**Task instructions:**
Print the line containing "夕日の光が差し込む石畳の上に" and all lines after it to the end of the records below, exactly as written. No pictures.

Scraped caption text data:

--------------------------------------------------

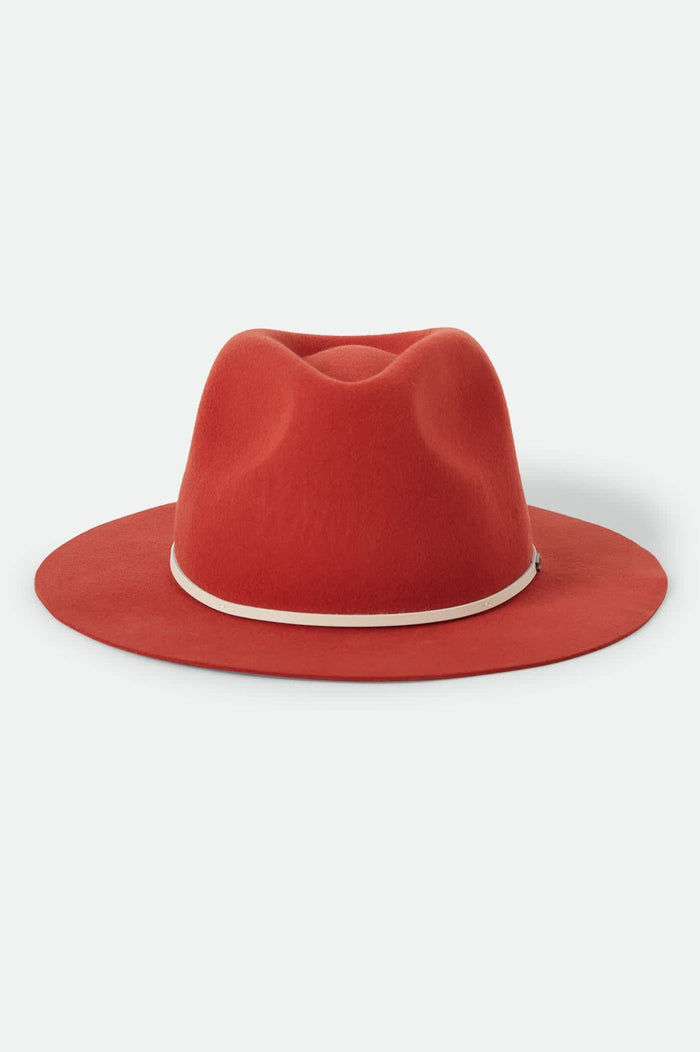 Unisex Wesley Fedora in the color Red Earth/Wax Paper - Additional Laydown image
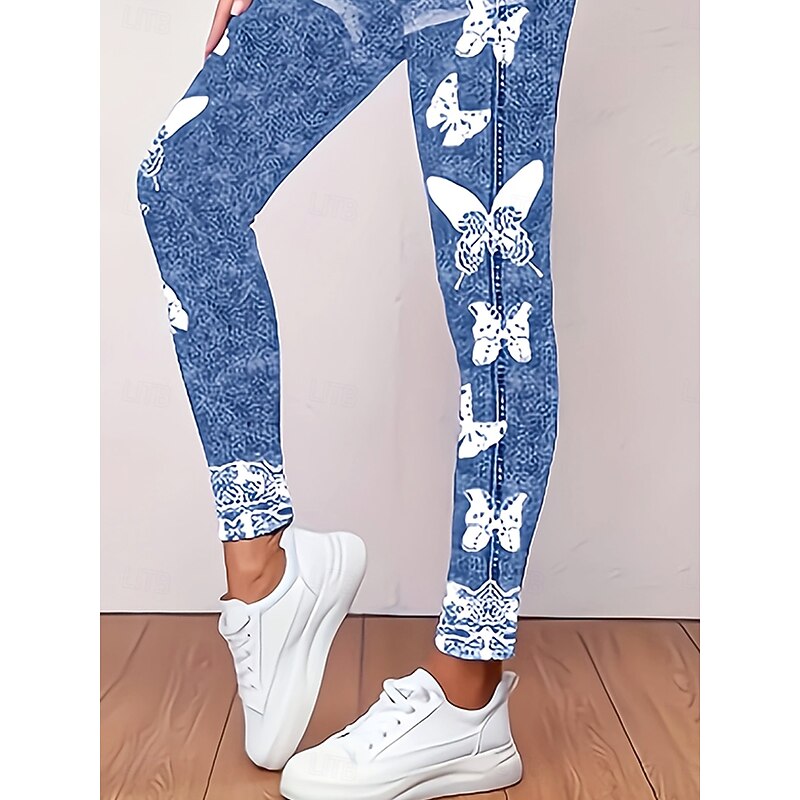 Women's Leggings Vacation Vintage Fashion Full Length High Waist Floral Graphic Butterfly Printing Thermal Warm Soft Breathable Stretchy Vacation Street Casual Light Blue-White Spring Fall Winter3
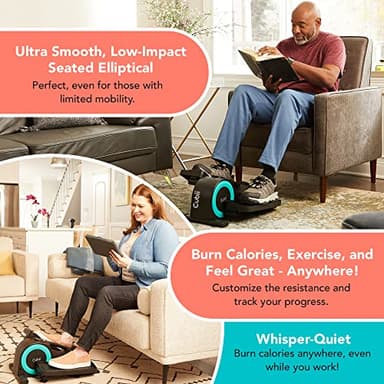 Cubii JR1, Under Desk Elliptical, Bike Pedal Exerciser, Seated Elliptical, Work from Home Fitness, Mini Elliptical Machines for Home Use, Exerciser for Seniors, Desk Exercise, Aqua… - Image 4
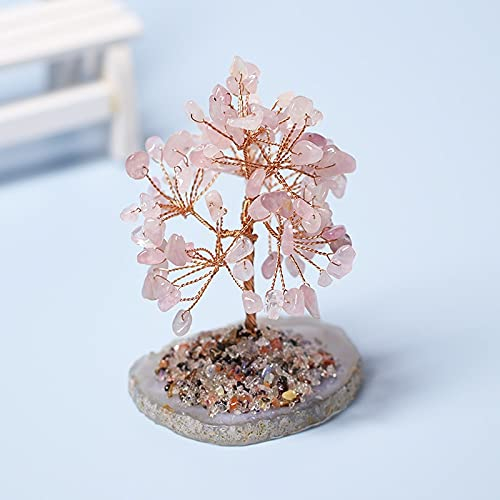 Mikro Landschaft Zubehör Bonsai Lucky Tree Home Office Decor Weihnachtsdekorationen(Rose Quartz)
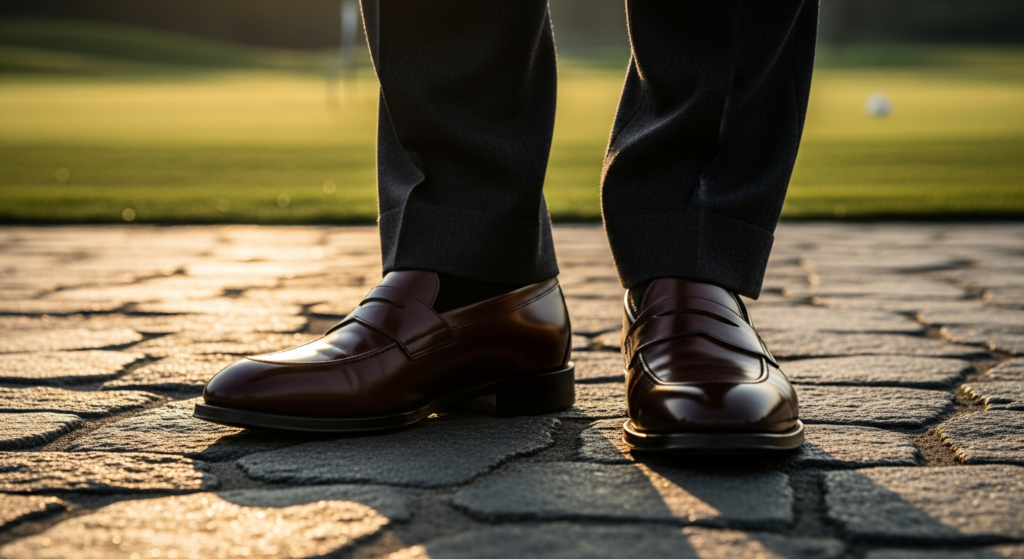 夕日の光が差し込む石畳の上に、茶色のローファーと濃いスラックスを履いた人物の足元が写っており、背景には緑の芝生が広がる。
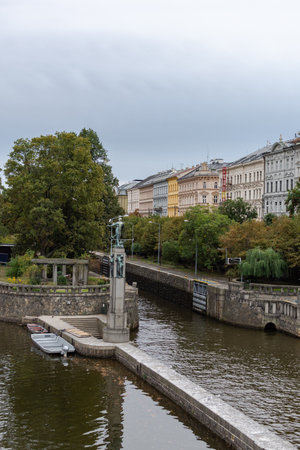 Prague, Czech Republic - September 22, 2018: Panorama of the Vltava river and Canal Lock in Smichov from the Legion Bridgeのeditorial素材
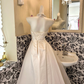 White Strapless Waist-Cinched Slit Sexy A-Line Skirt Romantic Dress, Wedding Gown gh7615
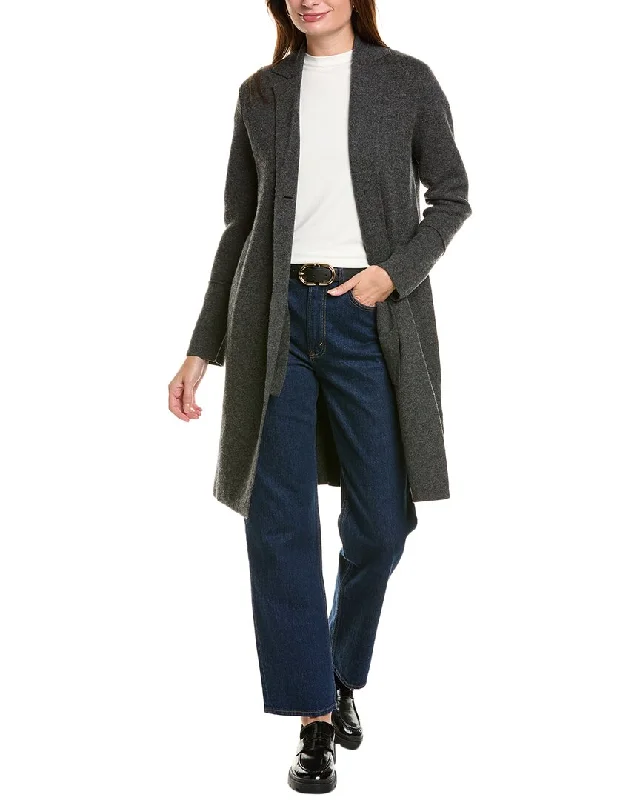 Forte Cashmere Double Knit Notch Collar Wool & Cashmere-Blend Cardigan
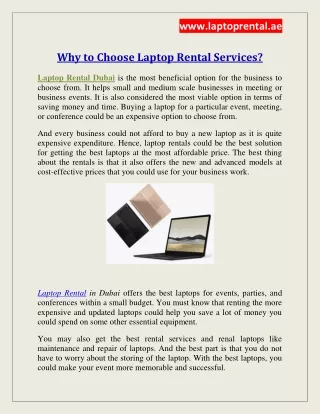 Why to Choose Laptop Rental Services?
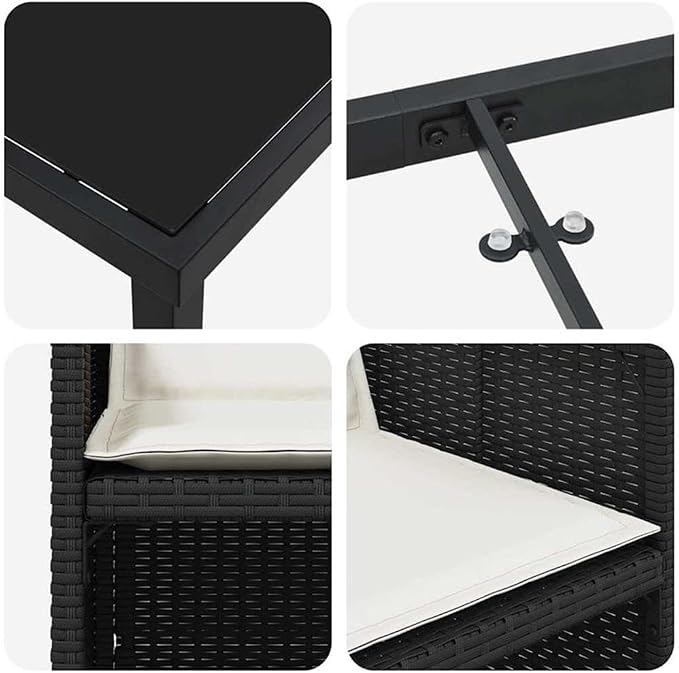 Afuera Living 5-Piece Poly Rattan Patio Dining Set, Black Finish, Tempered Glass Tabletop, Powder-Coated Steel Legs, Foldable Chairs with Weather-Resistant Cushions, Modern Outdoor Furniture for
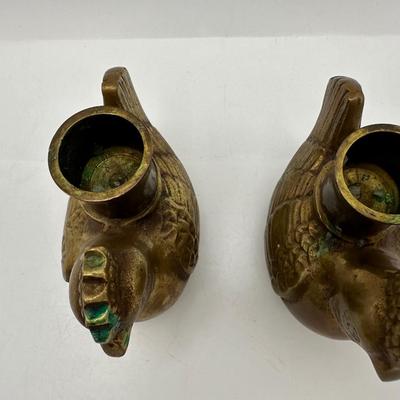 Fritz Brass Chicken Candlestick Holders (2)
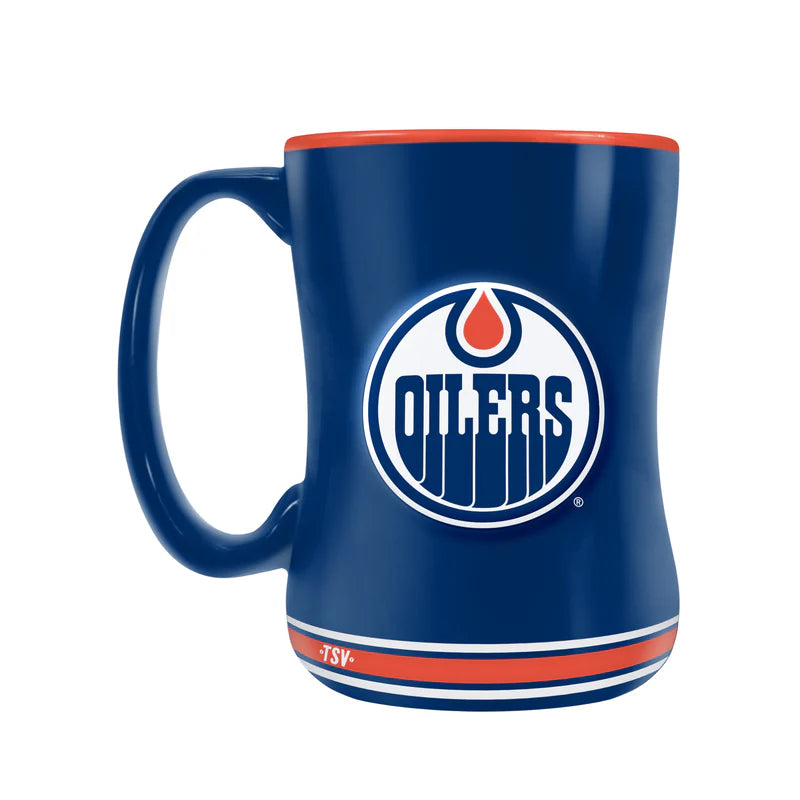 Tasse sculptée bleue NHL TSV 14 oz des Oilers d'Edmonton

--------------------------------------------------

**Result of this exercise:**
 夕日の光が差し込む石畳の上に、茶色のローファーと濃いスラックスを履いた人物の足元が写っており、背景には緑の芝生が広がる。
 Prague, Czech Republic - September 22, 2018: Panorama of the Vltava river and Canal Lock in Smichov from the Legion Bridgeのeditorial素材
 White Strapless Waist-Cinched Slit Sexy A-Line Skirt Romantic Dress, Wedding Gown gh7615
 Forte Cashmere Double Knit Notch Collar Wool & Cashmere-Blend Cardigan
 Why to Choose Laptop Rental Services?
 Afuera Living 5-Piece Poly Rattan Patio Dining Set, Black Finish, Tempered Glass Tabletop, Powder-Coated Steel Legs, Foldable Chairs with Weather-Resistant Cushions, Modern Outdoor Furniture for
 Fritz Brass Chicken Candlestick Holders (2)
 Tasse sculptée bleue NHL TSV 14 oz des Oilers d'Edmonton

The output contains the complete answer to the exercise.